How to determine consensus sequence and conservation score for each protein?
1
1
Entering edit mode
3.6 years ago
Kian ▴ 50

How i can determine to consensus sequence and conservation score " percent of conservation" for some protein? i have some genes and i want to determine these. i know in CLC and using create alignment can do it but i want another tools for this work. Thanks

protein consensus sequence conservation score • 3.2k views
0
Entering edit mode

If these are known proteins then you could take a look at homologene database at NCBI. That should give you pre-computed alignments of homologous sequences.

A blast search followed by extaction of the related sequences and a multiple sequence alignment (using Clustal omega, MAFTT, t-coffee, muscle) would get you the alignments/consensus.

0
Entering edit mode
3.6 years ago
Joe 19k

I wrote a pretty basic script which is just a wrapper to BioPython's dumb consensus method.

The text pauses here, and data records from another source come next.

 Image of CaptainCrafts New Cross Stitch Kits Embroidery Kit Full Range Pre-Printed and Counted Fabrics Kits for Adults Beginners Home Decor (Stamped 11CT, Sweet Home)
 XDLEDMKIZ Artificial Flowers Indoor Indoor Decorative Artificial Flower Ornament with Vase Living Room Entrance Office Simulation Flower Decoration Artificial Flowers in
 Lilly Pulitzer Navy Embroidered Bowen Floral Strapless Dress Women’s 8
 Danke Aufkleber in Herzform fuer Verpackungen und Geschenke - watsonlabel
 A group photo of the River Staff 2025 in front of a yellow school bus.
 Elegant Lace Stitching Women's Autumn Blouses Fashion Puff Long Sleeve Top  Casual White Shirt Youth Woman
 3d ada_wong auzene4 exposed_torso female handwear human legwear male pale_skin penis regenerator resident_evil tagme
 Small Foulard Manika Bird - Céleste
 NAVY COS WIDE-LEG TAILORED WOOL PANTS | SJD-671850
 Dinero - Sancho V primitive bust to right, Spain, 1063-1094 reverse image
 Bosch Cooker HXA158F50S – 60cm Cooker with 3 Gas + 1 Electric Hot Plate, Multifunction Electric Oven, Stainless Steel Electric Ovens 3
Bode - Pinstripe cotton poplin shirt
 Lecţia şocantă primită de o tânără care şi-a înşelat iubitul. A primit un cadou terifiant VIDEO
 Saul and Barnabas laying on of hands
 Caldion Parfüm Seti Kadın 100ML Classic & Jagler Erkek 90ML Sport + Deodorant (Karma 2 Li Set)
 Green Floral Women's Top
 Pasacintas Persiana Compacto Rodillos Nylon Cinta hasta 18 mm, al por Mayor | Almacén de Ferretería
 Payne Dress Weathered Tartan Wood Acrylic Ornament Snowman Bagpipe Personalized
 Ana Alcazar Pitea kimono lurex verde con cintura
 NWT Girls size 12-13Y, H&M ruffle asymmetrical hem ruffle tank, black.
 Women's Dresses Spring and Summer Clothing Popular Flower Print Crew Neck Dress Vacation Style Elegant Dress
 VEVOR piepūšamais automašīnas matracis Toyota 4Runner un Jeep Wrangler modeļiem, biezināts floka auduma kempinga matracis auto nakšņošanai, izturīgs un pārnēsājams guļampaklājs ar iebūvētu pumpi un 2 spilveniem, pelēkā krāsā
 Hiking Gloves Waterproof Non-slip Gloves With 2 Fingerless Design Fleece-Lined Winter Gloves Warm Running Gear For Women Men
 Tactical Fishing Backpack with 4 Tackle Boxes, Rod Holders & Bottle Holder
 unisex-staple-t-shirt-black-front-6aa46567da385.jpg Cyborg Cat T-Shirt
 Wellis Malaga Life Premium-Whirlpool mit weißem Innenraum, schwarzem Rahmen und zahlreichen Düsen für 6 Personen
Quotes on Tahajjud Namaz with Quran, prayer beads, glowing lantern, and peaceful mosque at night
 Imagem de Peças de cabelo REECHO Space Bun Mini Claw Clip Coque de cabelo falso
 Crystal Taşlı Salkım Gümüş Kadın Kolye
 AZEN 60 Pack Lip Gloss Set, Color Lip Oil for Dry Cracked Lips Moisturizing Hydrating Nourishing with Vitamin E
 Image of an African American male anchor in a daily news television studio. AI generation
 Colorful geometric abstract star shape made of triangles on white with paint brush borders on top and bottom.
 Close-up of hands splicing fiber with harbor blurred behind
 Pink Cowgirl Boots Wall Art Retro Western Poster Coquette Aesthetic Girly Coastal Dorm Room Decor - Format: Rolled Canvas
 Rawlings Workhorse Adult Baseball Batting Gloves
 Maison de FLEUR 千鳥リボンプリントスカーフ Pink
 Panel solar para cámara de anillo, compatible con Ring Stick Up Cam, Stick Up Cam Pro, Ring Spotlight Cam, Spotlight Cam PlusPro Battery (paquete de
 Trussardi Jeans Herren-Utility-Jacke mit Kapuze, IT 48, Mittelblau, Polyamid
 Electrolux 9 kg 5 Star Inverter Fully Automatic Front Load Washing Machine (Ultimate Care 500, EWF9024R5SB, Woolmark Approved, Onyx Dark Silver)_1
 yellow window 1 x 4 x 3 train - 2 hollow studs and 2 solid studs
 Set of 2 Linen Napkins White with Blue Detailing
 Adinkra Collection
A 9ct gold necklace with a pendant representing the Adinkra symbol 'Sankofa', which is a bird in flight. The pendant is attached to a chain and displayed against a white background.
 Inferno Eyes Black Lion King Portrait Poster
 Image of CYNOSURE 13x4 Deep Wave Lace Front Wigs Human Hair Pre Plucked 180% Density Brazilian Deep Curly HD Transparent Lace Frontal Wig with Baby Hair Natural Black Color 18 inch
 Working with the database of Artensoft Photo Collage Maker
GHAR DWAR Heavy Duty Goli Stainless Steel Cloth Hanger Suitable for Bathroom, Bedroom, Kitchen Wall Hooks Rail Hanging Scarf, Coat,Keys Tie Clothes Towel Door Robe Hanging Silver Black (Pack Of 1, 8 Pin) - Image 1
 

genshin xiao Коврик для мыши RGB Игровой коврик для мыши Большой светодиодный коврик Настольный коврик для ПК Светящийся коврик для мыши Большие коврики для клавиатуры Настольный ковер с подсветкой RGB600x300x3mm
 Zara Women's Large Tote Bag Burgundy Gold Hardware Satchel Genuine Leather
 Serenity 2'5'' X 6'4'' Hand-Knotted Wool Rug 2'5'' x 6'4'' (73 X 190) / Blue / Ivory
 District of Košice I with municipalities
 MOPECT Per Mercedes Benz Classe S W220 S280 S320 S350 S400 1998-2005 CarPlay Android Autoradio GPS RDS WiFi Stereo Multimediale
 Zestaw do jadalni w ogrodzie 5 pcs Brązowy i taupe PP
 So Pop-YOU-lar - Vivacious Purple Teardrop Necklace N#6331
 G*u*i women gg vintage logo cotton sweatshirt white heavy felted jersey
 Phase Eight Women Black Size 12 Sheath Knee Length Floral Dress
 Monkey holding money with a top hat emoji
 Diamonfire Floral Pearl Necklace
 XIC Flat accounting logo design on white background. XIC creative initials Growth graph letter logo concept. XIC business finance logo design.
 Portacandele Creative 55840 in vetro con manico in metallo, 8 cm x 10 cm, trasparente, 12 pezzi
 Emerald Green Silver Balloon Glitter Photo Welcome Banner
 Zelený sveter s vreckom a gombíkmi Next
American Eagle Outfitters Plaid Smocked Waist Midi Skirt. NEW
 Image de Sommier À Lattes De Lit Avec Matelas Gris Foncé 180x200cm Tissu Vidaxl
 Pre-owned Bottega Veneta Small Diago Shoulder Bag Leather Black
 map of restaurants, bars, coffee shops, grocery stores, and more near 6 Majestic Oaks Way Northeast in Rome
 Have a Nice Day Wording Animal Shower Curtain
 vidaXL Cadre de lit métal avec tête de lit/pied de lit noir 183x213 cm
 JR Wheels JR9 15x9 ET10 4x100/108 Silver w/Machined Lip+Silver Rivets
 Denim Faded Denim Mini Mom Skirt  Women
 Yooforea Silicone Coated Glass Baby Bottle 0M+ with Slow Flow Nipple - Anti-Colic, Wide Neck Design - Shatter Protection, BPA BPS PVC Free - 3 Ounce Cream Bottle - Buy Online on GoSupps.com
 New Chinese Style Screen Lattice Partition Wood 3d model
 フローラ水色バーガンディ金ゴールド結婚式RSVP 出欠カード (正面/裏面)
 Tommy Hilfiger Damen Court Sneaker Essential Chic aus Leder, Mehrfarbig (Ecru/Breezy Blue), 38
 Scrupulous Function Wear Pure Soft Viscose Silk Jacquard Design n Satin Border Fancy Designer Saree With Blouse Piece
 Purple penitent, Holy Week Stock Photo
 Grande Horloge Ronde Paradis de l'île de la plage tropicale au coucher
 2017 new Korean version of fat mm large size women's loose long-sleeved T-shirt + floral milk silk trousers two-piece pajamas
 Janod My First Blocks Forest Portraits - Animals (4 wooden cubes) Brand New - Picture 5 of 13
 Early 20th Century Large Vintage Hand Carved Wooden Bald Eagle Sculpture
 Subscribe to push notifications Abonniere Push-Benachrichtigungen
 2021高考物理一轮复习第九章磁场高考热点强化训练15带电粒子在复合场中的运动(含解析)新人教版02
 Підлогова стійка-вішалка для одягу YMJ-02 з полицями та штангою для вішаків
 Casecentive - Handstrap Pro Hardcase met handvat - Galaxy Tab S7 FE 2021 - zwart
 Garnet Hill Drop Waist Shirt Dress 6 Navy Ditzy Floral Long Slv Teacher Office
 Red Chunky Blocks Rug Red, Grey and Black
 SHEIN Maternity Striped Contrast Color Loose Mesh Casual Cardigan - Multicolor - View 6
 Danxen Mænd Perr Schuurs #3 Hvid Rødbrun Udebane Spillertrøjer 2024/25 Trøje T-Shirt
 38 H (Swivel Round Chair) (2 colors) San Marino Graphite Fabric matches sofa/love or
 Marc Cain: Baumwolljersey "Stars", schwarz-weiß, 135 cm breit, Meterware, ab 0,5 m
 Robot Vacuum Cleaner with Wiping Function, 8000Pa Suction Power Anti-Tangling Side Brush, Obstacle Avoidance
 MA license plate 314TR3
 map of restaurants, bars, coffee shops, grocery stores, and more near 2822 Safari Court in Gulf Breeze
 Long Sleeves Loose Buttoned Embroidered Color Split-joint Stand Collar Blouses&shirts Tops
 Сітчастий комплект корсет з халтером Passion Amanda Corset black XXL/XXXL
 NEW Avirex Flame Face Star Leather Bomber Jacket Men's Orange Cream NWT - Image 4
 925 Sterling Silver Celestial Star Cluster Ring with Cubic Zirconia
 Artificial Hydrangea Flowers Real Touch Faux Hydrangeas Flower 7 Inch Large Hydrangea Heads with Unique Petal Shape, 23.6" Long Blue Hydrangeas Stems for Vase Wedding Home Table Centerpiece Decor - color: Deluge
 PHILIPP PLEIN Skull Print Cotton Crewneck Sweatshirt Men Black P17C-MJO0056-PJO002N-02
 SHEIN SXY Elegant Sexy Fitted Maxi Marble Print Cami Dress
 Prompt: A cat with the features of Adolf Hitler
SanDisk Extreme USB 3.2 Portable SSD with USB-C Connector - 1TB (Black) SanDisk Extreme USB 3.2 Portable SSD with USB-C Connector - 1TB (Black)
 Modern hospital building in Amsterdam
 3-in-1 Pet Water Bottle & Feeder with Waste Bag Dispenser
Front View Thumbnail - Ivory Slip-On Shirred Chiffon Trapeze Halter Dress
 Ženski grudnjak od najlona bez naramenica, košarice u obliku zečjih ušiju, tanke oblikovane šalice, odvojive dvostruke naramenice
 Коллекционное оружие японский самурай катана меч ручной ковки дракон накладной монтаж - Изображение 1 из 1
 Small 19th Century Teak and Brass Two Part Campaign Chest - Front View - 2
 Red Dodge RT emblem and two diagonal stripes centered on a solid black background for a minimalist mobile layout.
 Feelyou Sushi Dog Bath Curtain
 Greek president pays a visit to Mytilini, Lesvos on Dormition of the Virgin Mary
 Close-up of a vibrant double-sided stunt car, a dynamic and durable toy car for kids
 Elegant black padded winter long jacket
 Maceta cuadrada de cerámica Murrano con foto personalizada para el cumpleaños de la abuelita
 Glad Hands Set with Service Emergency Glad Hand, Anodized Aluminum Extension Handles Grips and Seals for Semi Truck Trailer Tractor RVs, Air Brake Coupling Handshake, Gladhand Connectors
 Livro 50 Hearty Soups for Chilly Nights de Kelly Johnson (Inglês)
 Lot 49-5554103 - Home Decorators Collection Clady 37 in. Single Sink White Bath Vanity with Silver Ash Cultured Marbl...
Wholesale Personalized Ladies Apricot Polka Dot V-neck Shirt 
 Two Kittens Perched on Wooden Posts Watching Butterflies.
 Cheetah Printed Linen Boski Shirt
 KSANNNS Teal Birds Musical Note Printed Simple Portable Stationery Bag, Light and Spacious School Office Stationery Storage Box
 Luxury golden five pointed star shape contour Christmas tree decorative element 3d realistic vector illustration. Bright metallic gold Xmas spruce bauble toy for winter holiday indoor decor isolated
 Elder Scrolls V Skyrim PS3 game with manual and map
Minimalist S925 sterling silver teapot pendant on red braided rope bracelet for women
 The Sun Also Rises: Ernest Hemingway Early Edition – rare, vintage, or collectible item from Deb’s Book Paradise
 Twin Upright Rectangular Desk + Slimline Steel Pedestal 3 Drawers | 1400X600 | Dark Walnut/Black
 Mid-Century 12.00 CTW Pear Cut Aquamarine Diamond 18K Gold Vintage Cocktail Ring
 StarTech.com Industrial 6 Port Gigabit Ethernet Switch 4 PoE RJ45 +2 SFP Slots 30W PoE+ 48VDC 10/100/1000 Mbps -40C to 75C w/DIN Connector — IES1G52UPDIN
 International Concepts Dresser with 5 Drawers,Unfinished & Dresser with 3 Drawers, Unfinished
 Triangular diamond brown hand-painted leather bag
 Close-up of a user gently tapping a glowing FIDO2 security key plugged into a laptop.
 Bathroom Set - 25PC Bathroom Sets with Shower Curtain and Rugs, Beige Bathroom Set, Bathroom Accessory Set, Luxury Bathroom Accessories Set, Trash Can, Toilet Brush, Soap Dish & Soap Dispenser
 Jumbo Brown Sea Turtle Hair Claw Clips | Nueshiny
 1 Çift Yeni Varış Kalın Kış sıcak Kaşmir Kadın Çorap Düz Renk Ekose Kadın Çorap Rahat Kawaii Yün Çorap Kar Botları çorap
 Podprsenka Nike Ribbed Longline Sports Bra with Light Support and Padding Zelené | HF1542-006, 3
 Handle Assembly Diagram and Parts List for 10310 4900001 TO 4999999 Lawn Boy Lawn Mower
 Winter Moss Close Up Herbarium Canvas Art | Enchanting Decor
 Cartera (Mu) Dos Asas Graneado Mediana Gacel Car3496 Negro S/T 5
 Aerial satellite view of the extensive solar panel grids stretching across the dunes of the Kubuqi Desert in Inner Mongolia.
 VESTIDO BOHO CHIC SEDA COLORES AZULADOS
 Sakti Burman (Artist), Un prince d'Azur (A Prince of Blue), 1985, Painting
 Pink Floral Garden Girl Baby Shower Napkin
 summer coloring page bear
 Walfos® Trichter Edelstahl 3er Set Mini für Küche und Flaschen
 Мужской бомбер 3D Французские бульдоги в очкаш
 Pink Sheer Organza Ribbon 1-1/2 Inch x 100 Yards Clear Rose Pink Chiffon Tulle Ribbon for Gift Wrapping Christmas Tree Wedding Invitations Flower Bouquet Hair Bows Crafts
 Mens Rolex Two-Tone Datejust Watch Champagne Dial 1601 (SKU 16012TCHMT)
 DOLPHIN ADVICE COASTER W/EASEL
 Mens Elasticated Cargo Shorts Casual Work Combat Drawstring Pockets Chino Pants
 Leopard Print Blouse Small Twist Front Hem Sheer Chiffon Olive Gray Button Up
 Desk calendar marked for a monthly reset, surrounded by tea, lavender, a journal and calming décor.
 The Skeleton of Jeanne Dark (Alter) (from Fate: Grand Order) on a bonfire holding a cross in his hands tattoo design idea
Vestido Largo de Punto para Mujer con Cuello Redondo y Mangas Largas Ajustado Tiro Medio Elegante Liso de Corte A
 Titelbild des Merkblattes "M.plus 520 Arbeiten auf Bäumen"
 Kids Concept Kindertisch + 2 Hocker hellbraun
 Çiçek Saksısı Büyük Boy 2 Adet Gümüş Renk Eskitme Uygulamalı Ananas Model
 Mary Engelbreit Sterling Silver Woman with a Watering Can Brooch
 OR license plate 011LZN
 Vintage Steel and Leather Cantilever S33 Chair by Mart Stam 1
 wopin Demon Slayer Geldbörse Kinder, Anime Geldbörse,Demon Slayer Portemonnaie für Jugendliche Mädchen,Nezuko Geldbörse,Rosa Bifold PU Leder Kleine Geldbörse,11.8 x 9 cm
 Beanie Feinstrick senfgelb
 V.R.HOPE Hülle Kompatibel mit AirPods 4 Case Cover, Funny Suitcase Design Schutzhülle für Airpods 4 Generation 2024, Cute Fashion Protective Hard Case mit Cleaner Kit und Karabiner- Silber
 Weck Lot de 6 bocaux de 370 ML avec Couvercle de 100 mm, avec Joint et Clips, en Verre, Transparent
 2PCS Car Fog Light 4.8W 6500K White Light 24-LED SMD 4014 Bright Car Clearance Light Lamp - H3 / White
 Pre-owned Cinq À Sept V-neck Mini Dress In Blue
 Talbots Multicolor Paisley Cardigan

https://github.com/jrjhealey/bioinfo-tools/blob/master/Consensus.py

I'd look at maybe using hmmer (hmmemit) though if you want very sensitive consensus, though I think it tends to work better if there are more sequences in the mutliple alignment (but then again that's true for most MSAs).

0
Entering edit mode

Just to be clear the expected input for your script is a multiple-sequence alignment (MSA). So @KIan needs to provide that.

0
Entering edit mode

Yep, I assumed that's what they were getting at by saying they have "some sequences" and they are "using create alignment".

0
Entering edit mode

i want another tools for this work

Not sure if that wording indicates a desire to not use CLC (or a pre-existing alignment). We will have to wait for OP to clarify.

0
Entering edit mode

Thanks for responses, If i have 3 protein sequence, i should align them for consensus sequence? how about conservation score?

0
Entering edit mode

You will need to elaborate about what you mean by conservation score. Something like average global pairwise sequence identity?

0
Entering edit mode

May be yes, i want to comparing amino acid sequences of three protein that i have, and obtain the consensus sequence and generated homology models for these proteins.

0
Entering edit mode

If you align them with a tool like CLUSTAL Omega, it outputs scores for all the pairwise combinations which you could use? I have done that in the past. That would also generate a decent MSA which you can use to generate the consensus sequence.

0
Entering edit mode

I see the CLUSTAL Omega, it can align the sequence the amino acids of the proteins, i should get consensus sequence by common amino acids between 3 sequence? (if 2 amino acid is common alignment, it can be in consensus sequence)? and how i can calculate conservation score?

0
Entering edit mode

I just told you, Clustal outputs that information when you do the alignment itself.

You should really use more than 3 sequences if you want a decent consensus though, but yes, I suppose you could use 2 out of 3.

The problem you’ll have is what if all 3 sequences have different amino acids? This is why you should consider using a hmm for this.